PROVIDED RECORDS

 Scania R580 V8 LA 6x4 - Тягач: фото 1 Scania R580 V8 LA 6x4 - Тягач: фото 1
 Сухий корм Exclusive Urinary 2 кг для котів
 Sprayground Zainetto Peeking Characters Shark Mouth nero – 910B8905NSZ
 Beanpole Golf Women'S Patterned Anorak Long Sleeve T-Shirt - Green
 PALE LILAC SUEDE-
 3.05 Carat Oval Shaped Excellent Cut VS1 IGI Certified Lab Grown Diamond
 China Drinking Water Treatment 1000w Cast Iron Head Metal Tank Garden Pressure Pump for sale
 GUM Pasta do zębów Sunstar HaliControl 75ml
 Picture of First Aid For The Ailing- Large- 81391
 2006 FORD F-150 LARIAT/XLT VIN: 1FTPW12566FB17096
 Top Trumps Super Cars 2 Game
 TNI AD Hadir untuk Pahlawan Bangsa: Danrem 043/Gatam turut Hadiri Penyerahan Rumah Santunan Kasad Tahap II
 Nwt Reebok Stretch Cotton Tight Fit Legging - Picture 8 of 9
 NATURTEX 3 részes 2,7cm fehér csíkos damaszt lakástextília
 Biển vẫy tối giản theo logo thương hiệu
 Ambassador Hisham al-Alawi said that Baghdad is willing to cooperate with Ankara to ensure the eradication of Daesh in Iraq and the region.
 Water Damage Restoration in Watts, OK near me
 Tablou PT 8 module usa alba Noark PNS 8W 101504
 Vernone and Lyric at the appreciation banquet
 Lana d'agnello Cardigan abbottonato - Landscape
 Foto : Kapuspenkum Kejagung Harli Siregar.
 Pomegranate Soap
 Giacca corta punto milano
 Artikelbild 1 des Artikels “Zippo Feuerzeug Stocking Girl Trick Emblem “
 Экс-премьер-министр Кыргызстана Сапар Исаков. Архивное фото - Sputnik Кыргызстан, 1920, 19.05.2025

PROMPT
Repeat every record exactly, so that nothing is lost or altered.

OUTPUT BELOW
 Scania R580 V8 LA 6x4 - Тягач: фото 1 Scania R580 V8 LA 6x4 - Тягач: фото 1
 Сухий корм Exclusive Urinary 2 кг для котів
 Sprayground Zainetto Peeking Characters Shark Mouth nero – 910B8905NSZ
 Beanpole Golf Women'S Patterned Anorak Long Sleeve T-Shirt - Green
 PALE LILAC SUEDE-
 3.05 Carat Oval Shaped Excellent Cut VS1 IGI Certified Lab Grown Diamond
 China Drinking Water Treatment 1000w Cast Iron Head Metal Tank Garden Pressure Pump for sale
 GUM Pasta do zębów Sunstar HaliControl 75ml
 Picture of First Aid For The Ailing- Large- 81391
 2006 FORD F-150 LARIAT/XLT VIN: 1FTPW12566FB17096
 Top Trumps Super Cars 2 Game
 TNI AD Hadir untuk Pahlawan Bangsa: Danrem 043/Gatam turut Hadiri Penyerahan Rumah Santunan Kasad Tahap II
 Nwt Reebok Stretch Cotton Tight Fit Legging - Picture 8 of 9
 NATURTEX 3 részes 2,7cm fehér csíkos damaszt lakástextília
 Biển vẫy tối giản theo logo thương hiệu
 Ambassador Hisham al-Alawi said that Baghdad is willing to cooperate with Ankara to ensure the eradication of Daesh in Iraq and the region.
 Water Damage Restoration in Watts, OK near me
 Tablou PT 8 module usa alba Noark PNS 8W 101504
 Vernone and Lyric at the appreciation banquet
 Lana d'agnello Cardigan abbottonato - Landscape
 Foto : Kapuspenkum Kejagung Harli Siregar.
 Pomegranate Soap
 Giacca corta punto milano
 Artikelbild 1 des Artikels “Zippo Feuerzeug Stocking Girl Trick Emblem “
 Экс-премьер-министр Кыргызстана Сапар Исаков. Архивное фото - Sputnik Кыргызстан, 1920, 19.05.2025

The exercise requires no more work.